Large Language Models (LLMs) with long context windows enable powerful applications but come at the cost of high memory consumption to store the Key and Value states (KV-Cache). Recent studies attempted to merge KV-cache from multiple layers into shared representations, yet these approaches either require expensive pretraining or rely on assumptions of high per-token cosine similarity across layers which generally does not hold in practice.
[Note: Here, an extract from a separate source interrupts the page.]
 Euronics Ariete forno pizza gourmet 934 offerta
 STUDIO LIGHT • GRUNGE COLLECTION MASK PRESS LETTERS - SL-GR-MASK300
We find that the dominant singular vectors are remarkably well-aligned across multiple layers of the KV-Cache. Exploiting this insight, we propose xKV, a simple post-training method that applies Singular Value Decomposition (SVD) on the KV-Cache of grouped layers. xKV consolidates the KV-Cache of multiple layers into a shared low-rank subspace, significantly reducing KV-Cache sizes. Through extensive evaluations on the RULER long-context benchmark with widely-used LLMs (e.g., Llama-3.1 and Qwen2.5), xKV achieves up to 6.8x higher compression rates than state-of-the-art inter-layer technique while improving accuracy by 2.7%. Moreover, xKV is compatible with the emerging Multi-Head Latent Attention (MLA) (e.g., DeepSeek-Coder-V2), yielding a notable 3x compression rates on coding tasks without performance degradation. These results highlight xKV's strong capability and versatility in addressing memory bottlenecks for long-context LLM inference. Our code is publicly available at: https://github.com/abdelfattah-lab/xKV.

Paper Structure

This paper contains 37 sections, 18 equations, 5 figures, 1 table.

Figures (5)

  • Figure 1: Accuracy comparison of MiniCache liu2024minicache, applying SVD on single layer's KV-Cache and xKV (cross-layer SVD) on Llama-3.1-8B-Instruct (left) and Qwen2.5-14B-Instruct-1M (right). Results are averaged across tasks from RULER hsieh2024ruler benchmark.
  • Figure 2: (a) Average Token-wise Cosine Similarity for value-caches across different layers. For each pair of layers, we compute the token-level cosine similarities between their embeddings and average these values into a single similarity score. (b) CKA Matrix for the value-cache. The higher (warmer) values indicate stronger singular vector alignment across layers. (c) Required rank ratio (percentage of total dimension) for capturing 95% of the cumulative eigenvalues in the key (red) and value (blue) matrices, plotted against the number of grouped layers. For each group, we horizontally concatenate the key/value caches and compute the rank needed to achieve 95% of the cumulative eigenvalues. As the grouping increases, fewer ranks (relative to total dimension) are required, implying a higher compression rate for the same level of information preservation. We perform these analyses on the KV-Cache obtained from Llama-3.1-8B-Instruct, using the multi-valued NIAH dataset from the RULER hsieh2024ruler benchmark.
  • Figure 3: Illustration of the xKV for compressing KV-Cache.
  • Figure 4: Evaluation results of different KV-Cache methods on DeepSeek-Coder-V2-Lite-Instruct model using RepoBench-P RepoBench and LCCLCC. The accuracy denotes the edit similarity svyatkovskiy2020intellicode, and the dotted line represents the baseline score with uncompressed KV-Cache.
  • Figure 5: Accuracy comparison of applying different methods to key and value separately on Llama-3.1-8B-Instruct using RULER benchmark.